Given that I have daily datapoints, I am trying to resample my data such that I have monthly points. I have tried using the resample command but I am having trouble because I want some of my columns to be the same and sum and some to be the mean. More specifically:
- City,City ID, State: Will remain the same as they are IDs
- Estimated Population and Estimated_population: I would like to take the mean for each of these columns, and these will be the new monthly values
- Confirmed Rate and Death: I would like to take the monthly mean of these and have these values to be my monthly values and I would like to create new columns giving the monthly standard deviation for my confirmed rate and death rate.

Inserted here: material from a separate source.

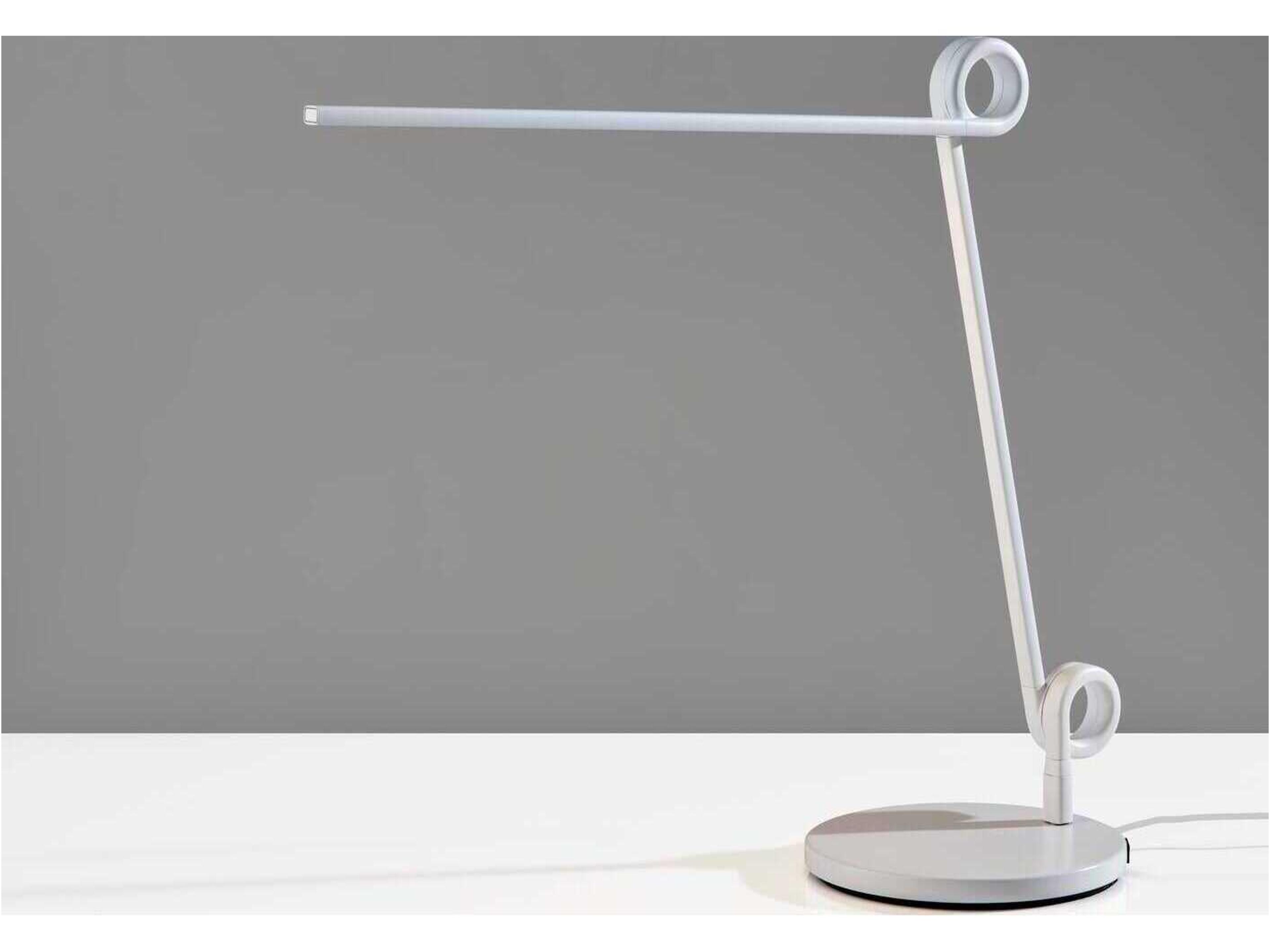 Adesso Knot White Aluminum Tube With Frosted Shade Desk Lamp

- For New Confirmed and New Deaths: I would like to add these values and have my monthly point to be the sum of new cases and deaths, on two separate columns.

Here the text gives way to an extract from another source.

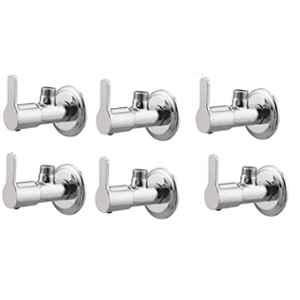 Acrome Flora Stainless Steel Chrome Finish Angle Valve with Wall Flange (Pack of 6)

How can I go about making a code that is able to differentiate which columns to add, which to take the mean, and how can I create two new columns for the standard deviations of Confirmed and Death Rates?

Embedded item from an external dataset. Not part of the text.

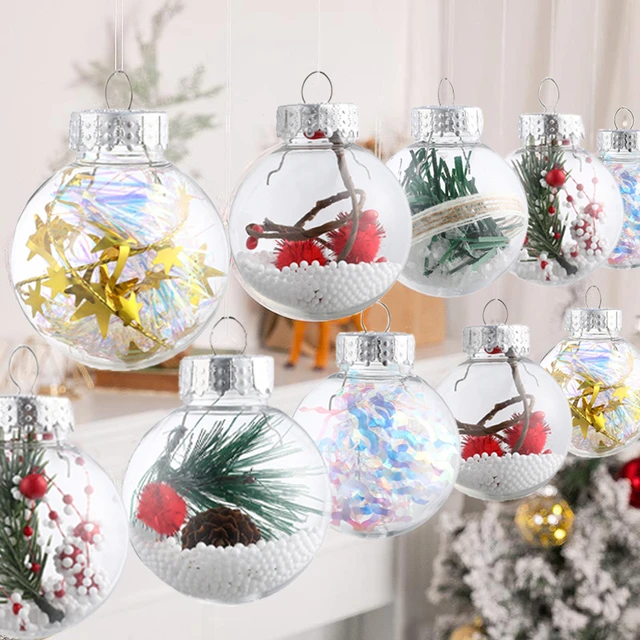 20 Pack Clear Fillable Ornaments, 2 Inch DIY Plastic Christmas Decorations  Tree Balls Baubles Craft, Transparent DIY Fillable Acrylic Crafts Ball Kit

CodePudding user response:
You should explore a combination of groupby with .agg. Something like this should work
df_grouped=df.groupby([df.index.month,'City ID']).agg({'Estimated Population':'mean','Estimated Population_2019':'mean','Confirmed Rate':['mean','std'],'Death Rate':['mean','std'],'New Confirmed':'sum','New Deaths':'sum'})
df_grouped.index.rename(['Month','City ID'],inplace=True)